[Collected data entries]

* * * * * * * * *

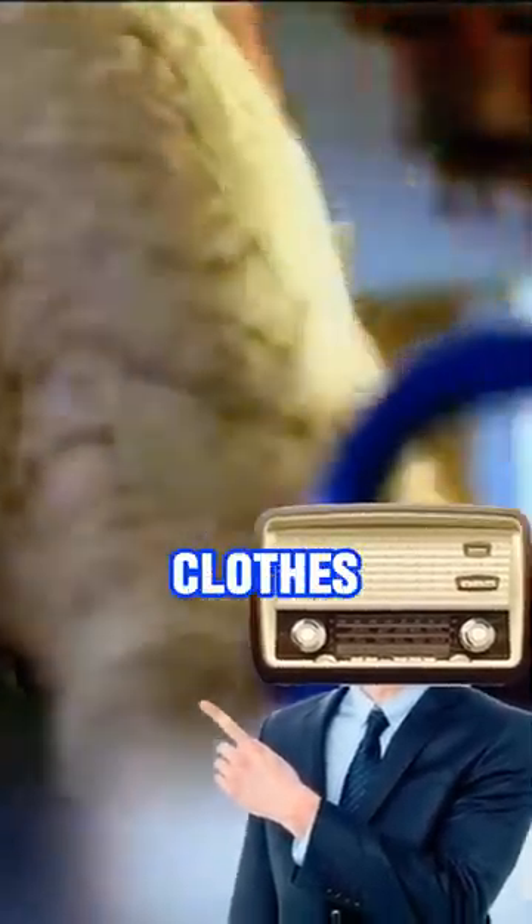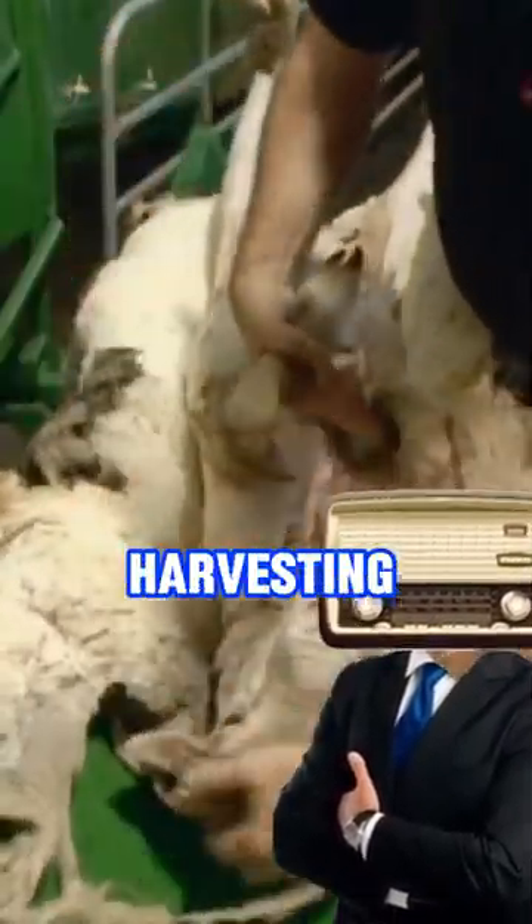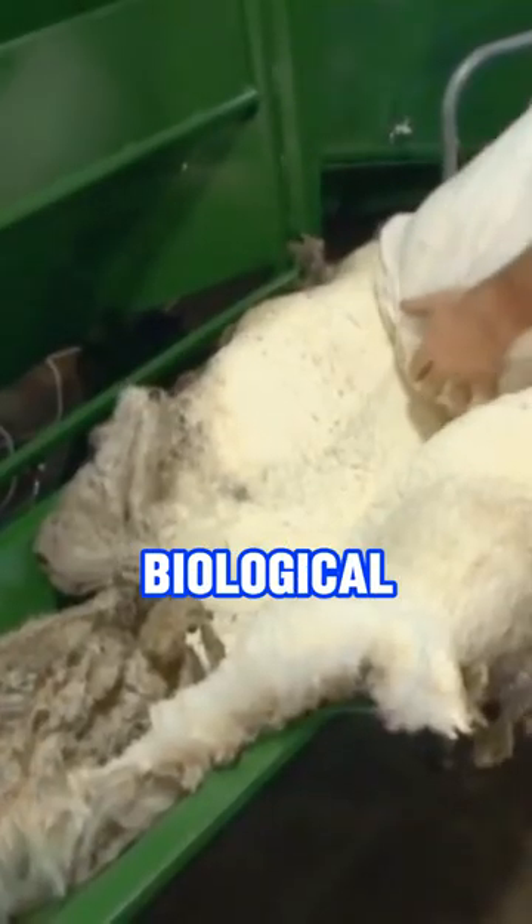In just one second, all the wool comes off the sheep as if their clothes were taken off. It's a surprising way to harvest wool. This method is called the BioClip Wool Harvesting System, invented in Australia. It's also known as biological shearing technology.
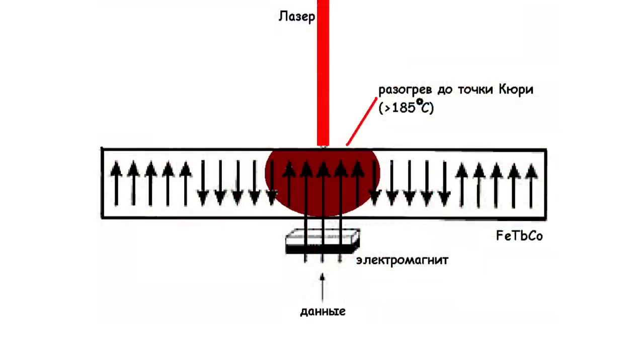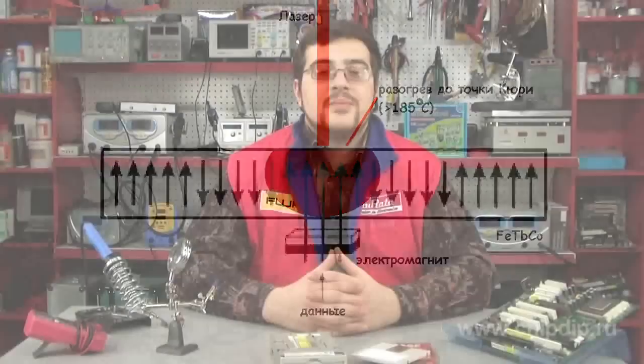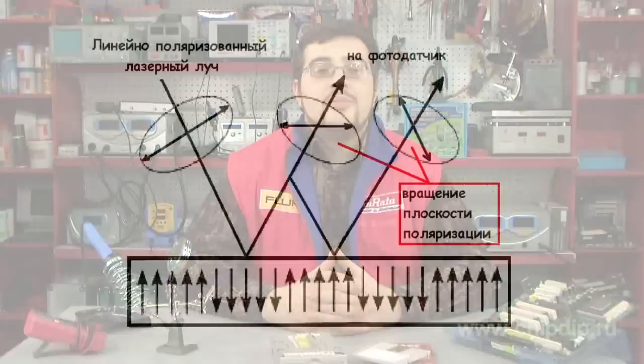The data is recorded on the magneto-optical disk according to the following technology. The radiation of the laser heats up the section of the track to a temperature above the Curie point. Then an electromagnetic pulse is used to create magnetization and impressions equivalent to the pits on optical disks. The data is read with the help of the same laser but at a lower power that is insufficient to heat up the disk.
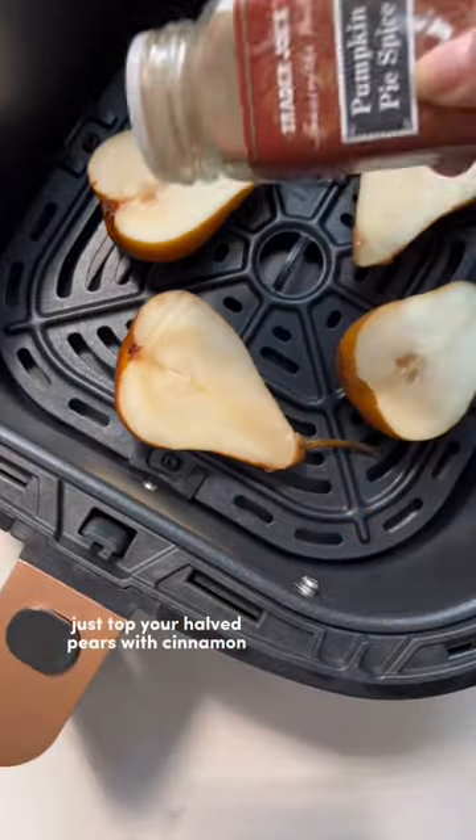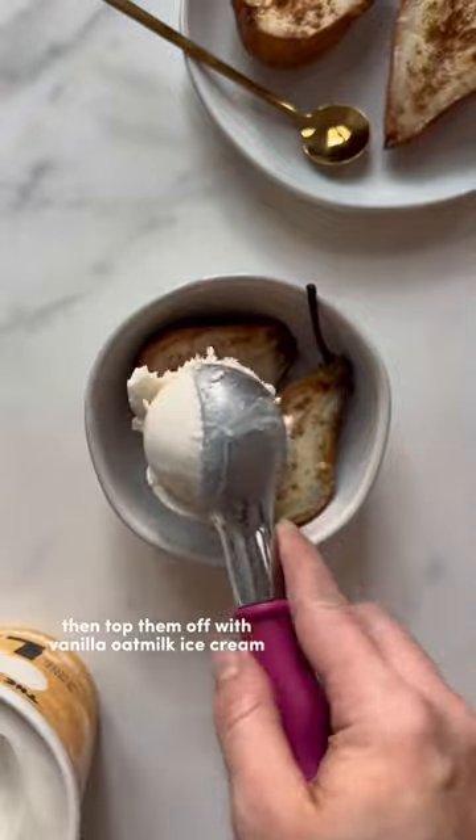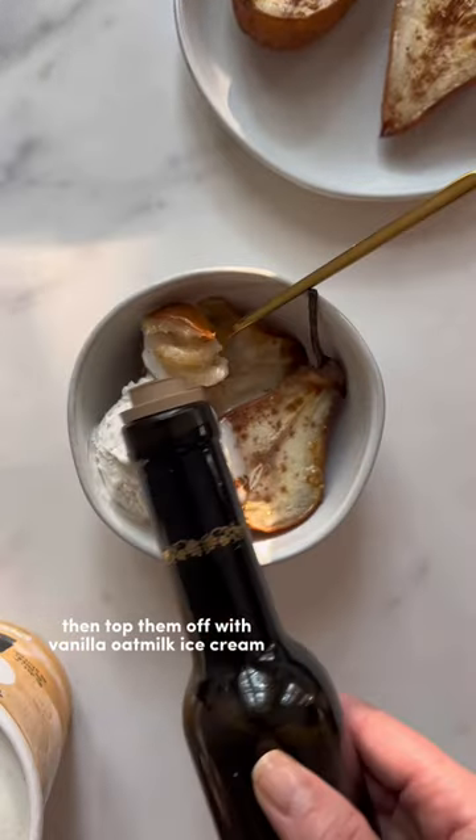Just top your halved pears with cinnamon and air fry for 10 to 15 minutes at 400 degrees Fahrenheit. Then top them off with vanilla oat milk ice cream and balsamic glaze.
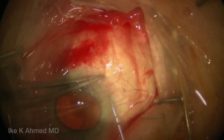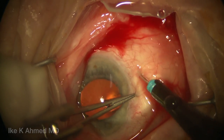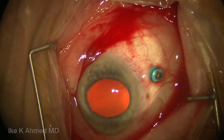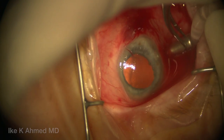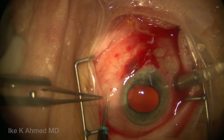3 mm back, we're going to place MVR trocars — 25-gauge trocars — in the supra-nasal quadrant and infra-nasal quadrant. These will be used for our irrigation. We're placing a posterior infusion line, and we check to make sure the infusion is in the vitreous cavity when it's placed.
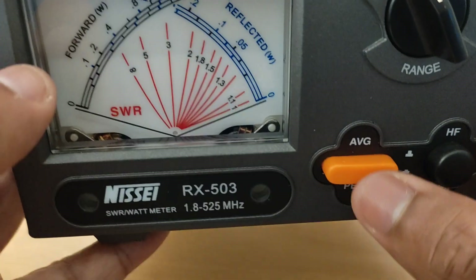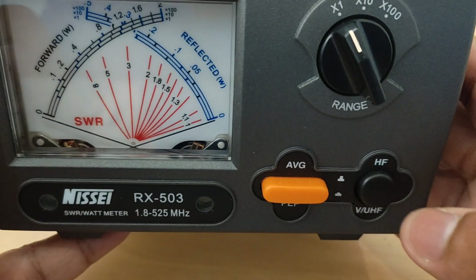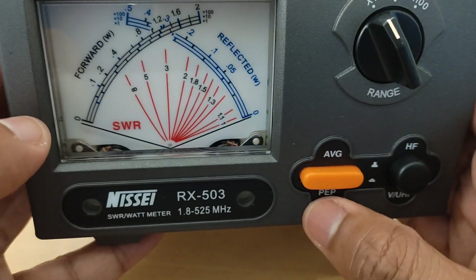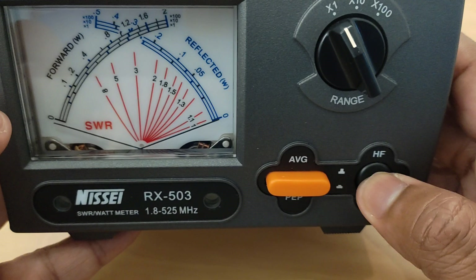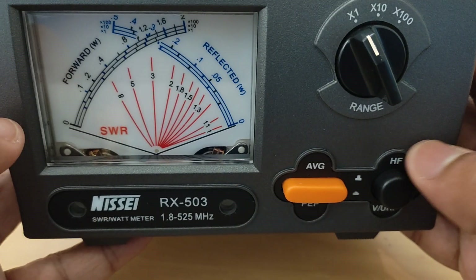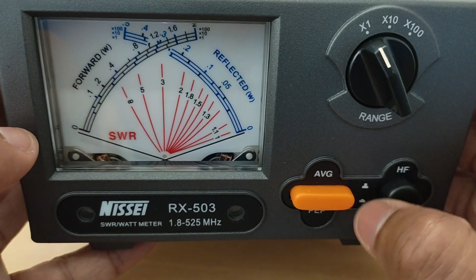You have the average/peak button if you are looking for measuring in HF, and you have the HF/VHF selector. If you are pressing it, that means you are measuring peak power; releasing it means average power. Pressing the HF/VHF button means VHF range; releasing it means HF selection range. That is denoted by the image over here.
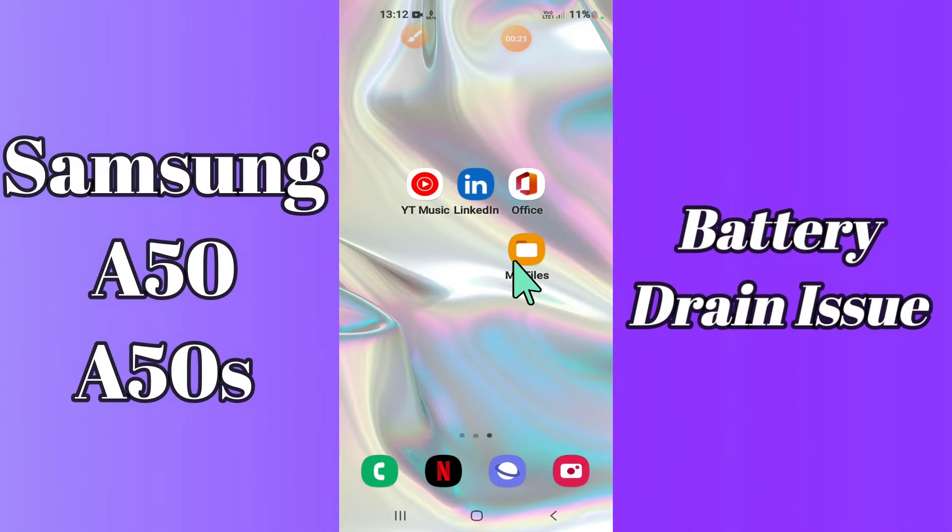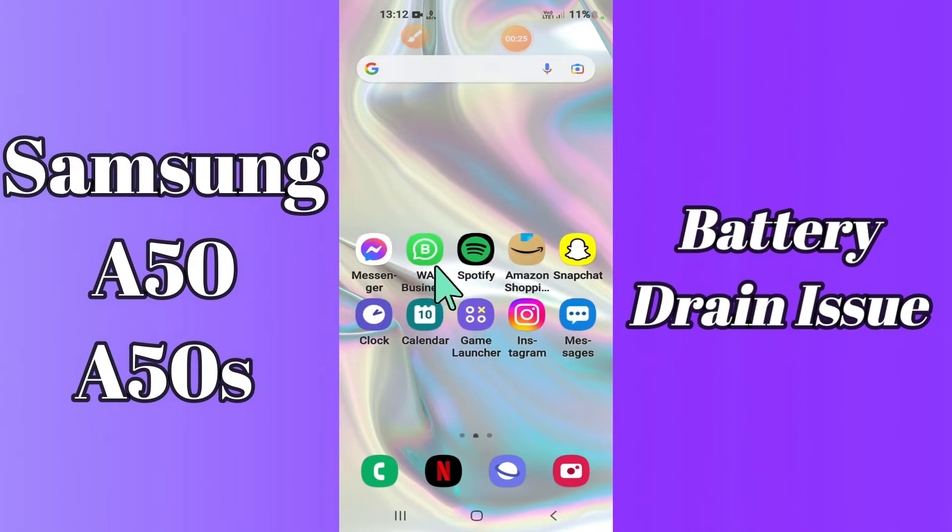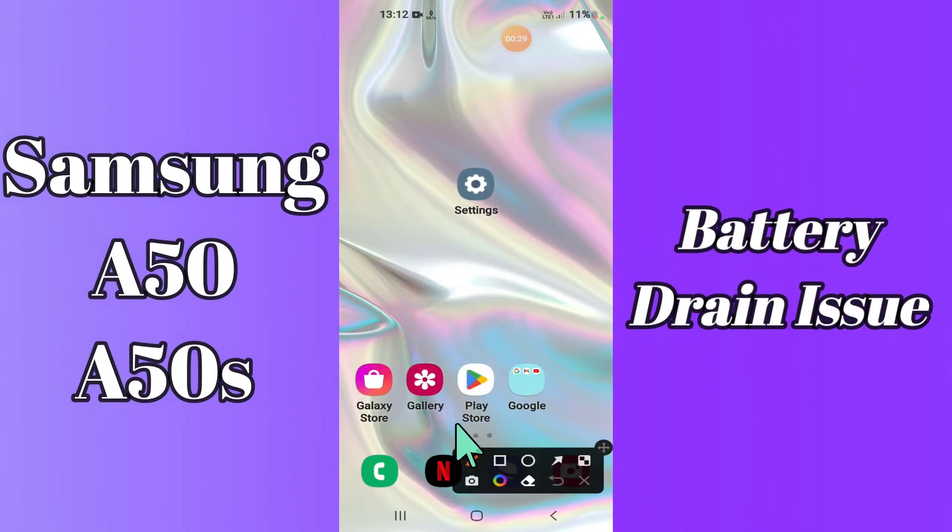But before that, hit the red subscribe button and the bell icon so you are the first one to know when I upload anything new. Now watch this complete video and you will learn how you can fix the battery draining problem in your device.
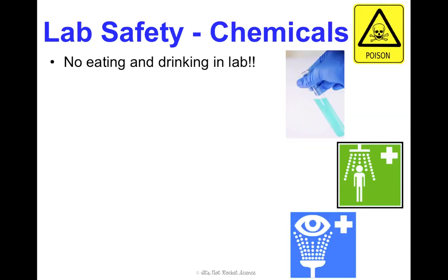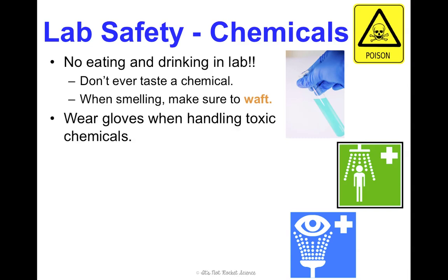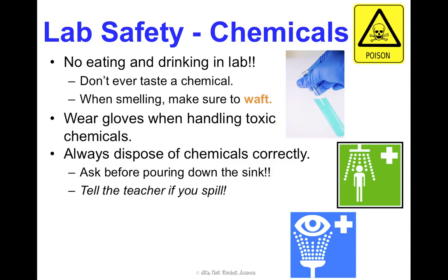Speaking of chemicals — no eating or drinking in lab. You never know what could contaminate what you're eating or drinking, and we don't want any chemicals getting in your mouth whatsoever. You should never taste a chemical. Even when smelling, you shouldn't just take a whiff — you should waft the chemical, which I'll show you how to do in class. Wear gloves when handling toxic chemicals. Also, always dispose of chemicals correctly; not everything can go down the drain. Some have special disposal methods, so make sure you ask. If there's a spill, let us know because some chemicals have a more extensive cleanup process.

* * * * * * * * *

Work instruction => The records above are to be transcribed word for word. Skip the images.

Result below =>
In just one second, all the wool comes off the sheep as if their clothes were taken off. It's a surprising way to harvest wool. This method is called the BioClip Wool Harvesting System, invented in Australia. It's also known as biological shearing technology.
The data is recorded on the magneto-optical disk according to the following technology. The radiation of the laser heats up the section of the track to a temperature above the Curie point. Then an electromagnetic pulse is used to create magnetization and impressions equivalent to the pits on optical disks. The data is read with the help of the same laser but at a lower power that is insufficient to heat up the disk.
Just top your halved pears with cinnamon and air fry for 10 to 15 minutes at 400 degrees Fahrenheit. Then top them off with vanilla oat milk ice cream and balsamic glaze.
3 mm back, we're going to place MVR trocars — 25-gauge trocars — in the supra-nasal quadrant and infra-nasal quadrant. These will be used for our irrigation. We're placing a posterior infusion line, and we check to make sure the infusion is in the vitreous cavity when it's placed.
You have the average/peak button if you are looking for measuring in HF, and you have the HF/VHF selector. If you are pressing it, that means you are measuring peak power; releasing it means average power. Pressing the HF/VHF button means VHF range; releasing it means HF selection range. That is denoted by the image over here.
But before that, hit the red subscribe button and the bell icon so you are the first one to know when I upload anything new. Now watch this complete video and you will learn how you can fix the battery draining problem in your device.
Speaking of chemicals — no eating or drinking in lab. You never know what could contaminate what you're eating or drinking, and we don't want any chemicals getting in your mouth whatsoever. You should never taste a chemical. Even when smelling, you shouldn't just take a whiff — you should waft the chemical, which I'll show you how to do in class. Wear gloves when handling toxic chemicals. Also, always dispose of chemicals correctly; not everything can go down the drain. Some have special disposal methods, so make sure you ask. If there's a spill, let us know because some chemicals have a more extensive cleanup process.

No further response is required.